_Problem description_: A complete answer retypes each of the records below precisely and includes none of the pictures.

--- Exercise input ---

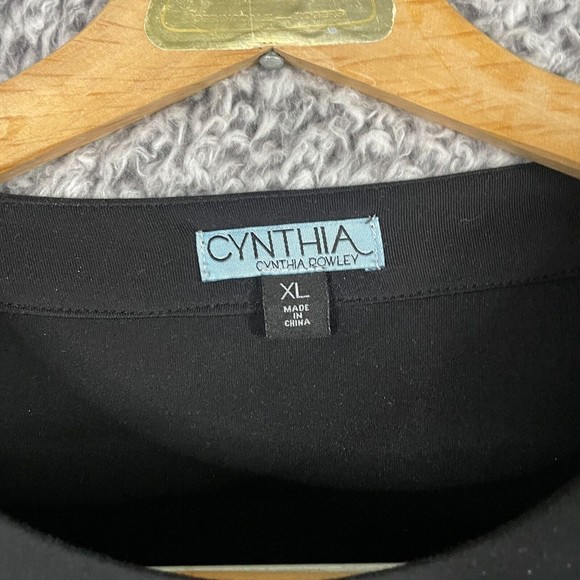 CYNTHIA Rowley Cocktail Dress Fit and Flare Black Cap Sleeve Side Zip Women's XL - Picture 5 of 10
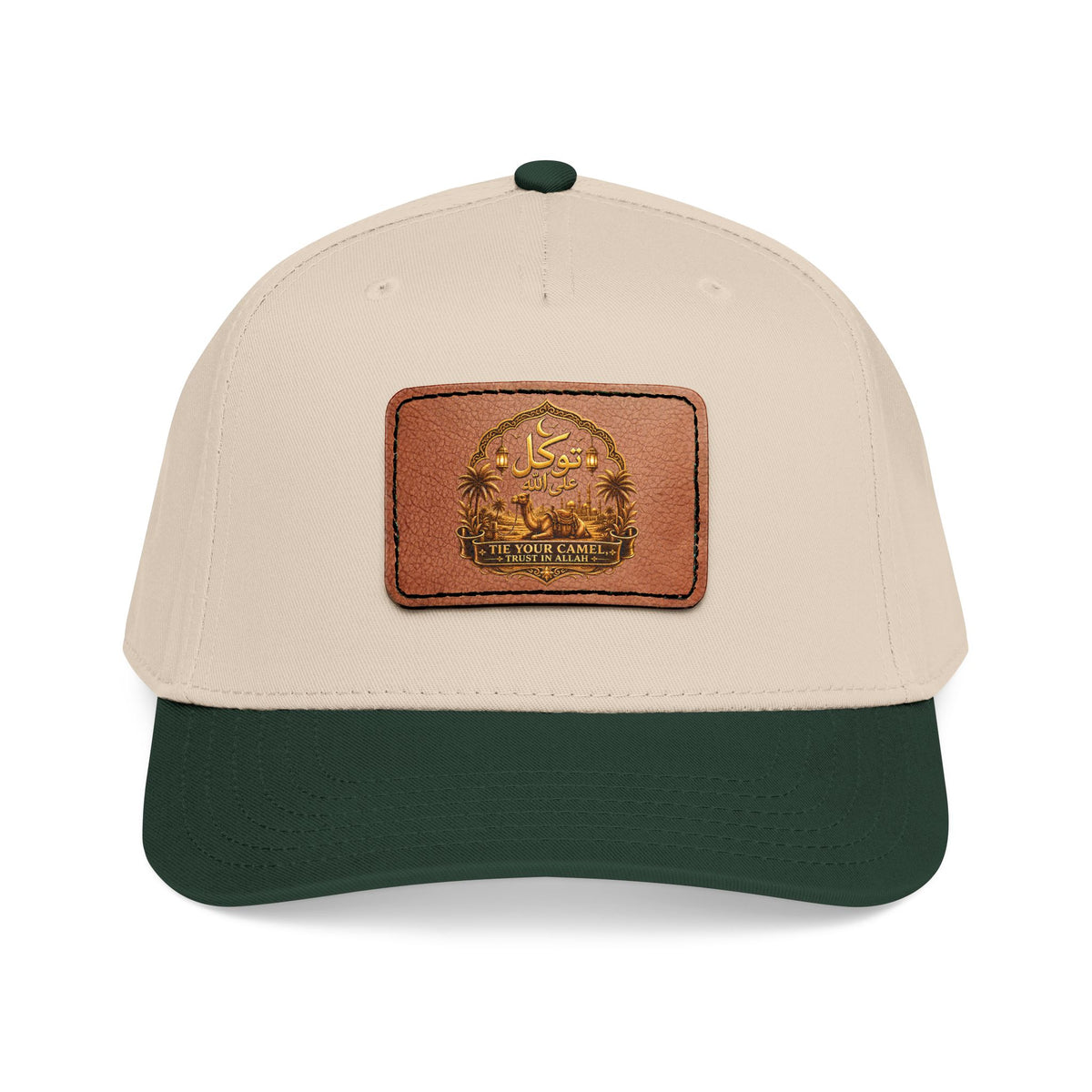 Leather Patch Baseball Cap — Vintage Palm Tree Crest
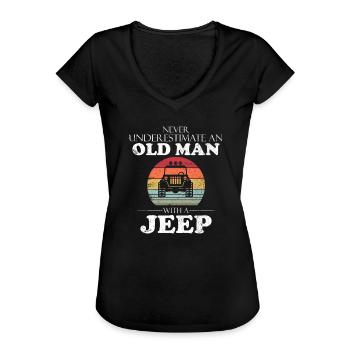 Funny Jeep Old Man avec un Jeep Tee - T-shirt vintage Femme - noir - Devant - Danielle (179cm)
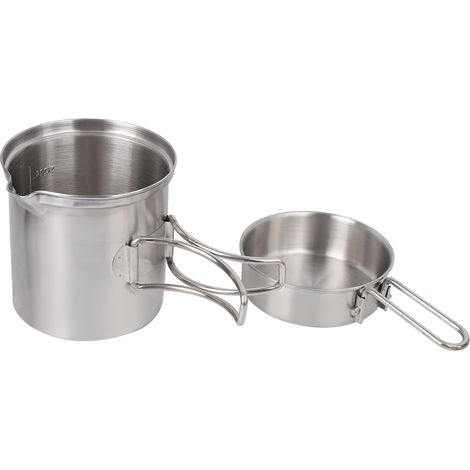 Ensemble de casseroles et poêles portables en acier inoxydable pour le camping et la randonnée. (1/5)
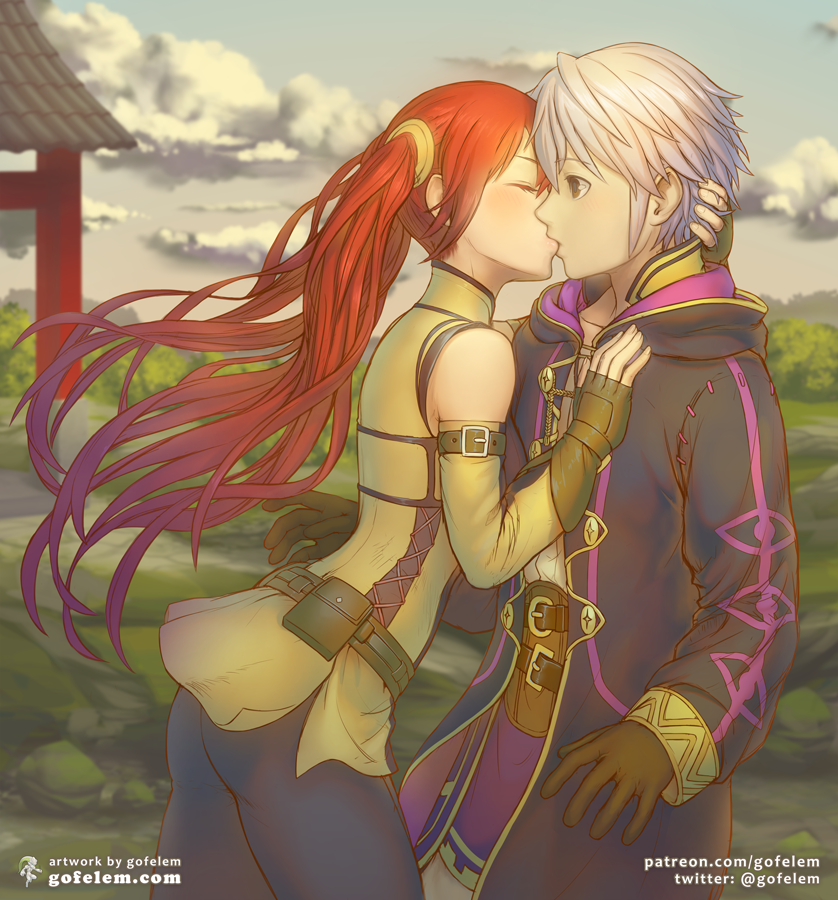 1boy, 1girl, fire_emblem, fire_emblem_awakening, kiss, nintendo, outdoors, redhead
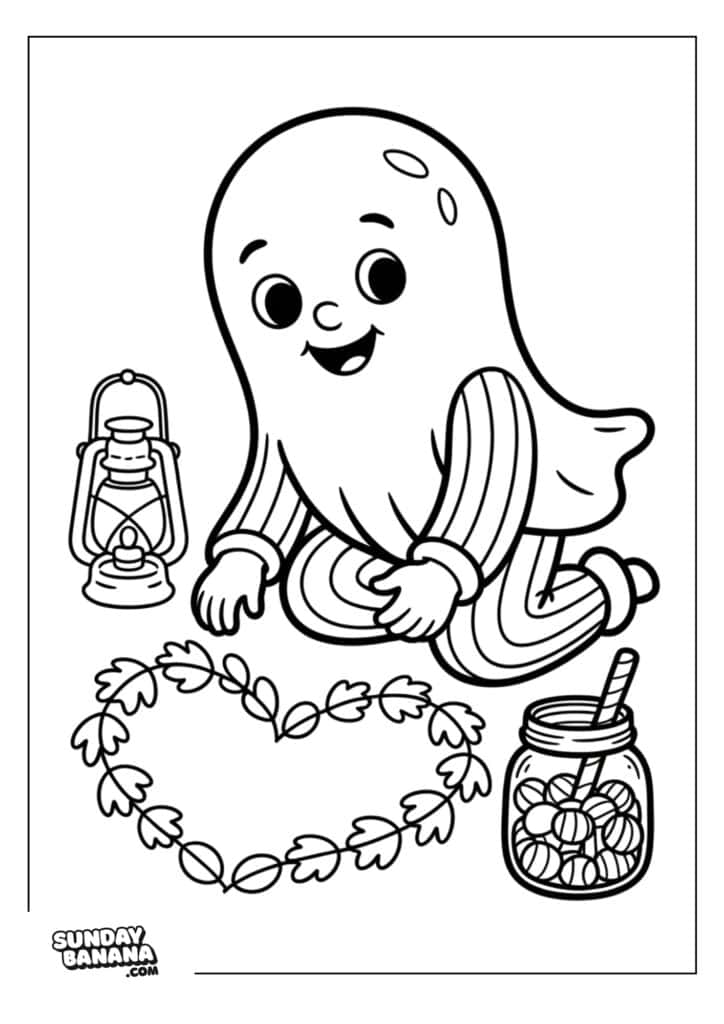 A smiling ghost wearing striped pajamas kneels on the floor, arranging leaves and acorns in a heart shape. Beside the ghost are a lantern and a jar filled with candies and a striped straw. The style is cartoon-like and outlined for coloring.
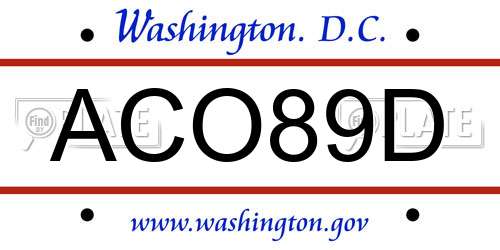 ACO89D District Of Columbia License Plate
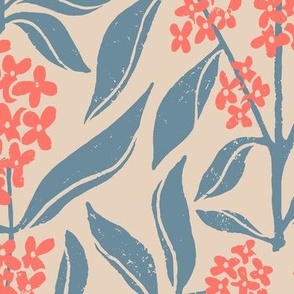 Osmanthus Devilwood  Flower in Red and Blue  | Small Version | Chinoiserie Style Pattern at an Asian Teahouse Garden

---

_Exercise output_:
 CYNTHIA Rowley Cocktail Dress Fit and Flare Black Cap Sleeve Side Zip Women's XL - Picture 5 of 10
 Leather Patch Baseball Cap — Vintage Palm Tree Crest
 Funny Jeep Old Man avec un Jeep Tee - T-shirt vintage Femme - noir - Devant - Danielle (179cm)
 Ensemble de casseroles et poêles portables en acier inoxydable pour le camping et la randonnée. (1/5)
 1boy, 1girl, fire_emblem, fire_emblem_awakening, kiss, nintendo, outdoors, redhead
 A smiling ghost wearing striped pajamas kneels on the floor, arranging leaves and acorns in a heart shape. Beside the ghost are a lantern and a jar filled with candies and a striped straw. The style is cartoon-like and outlined for coloring.
 ACO89D District Of Columbia License Plate
 Osmanthus Devilwood  Flower in Red and Blue  | Small Version | Chinoiserie Style Pattern at an Asian Teahouse Garden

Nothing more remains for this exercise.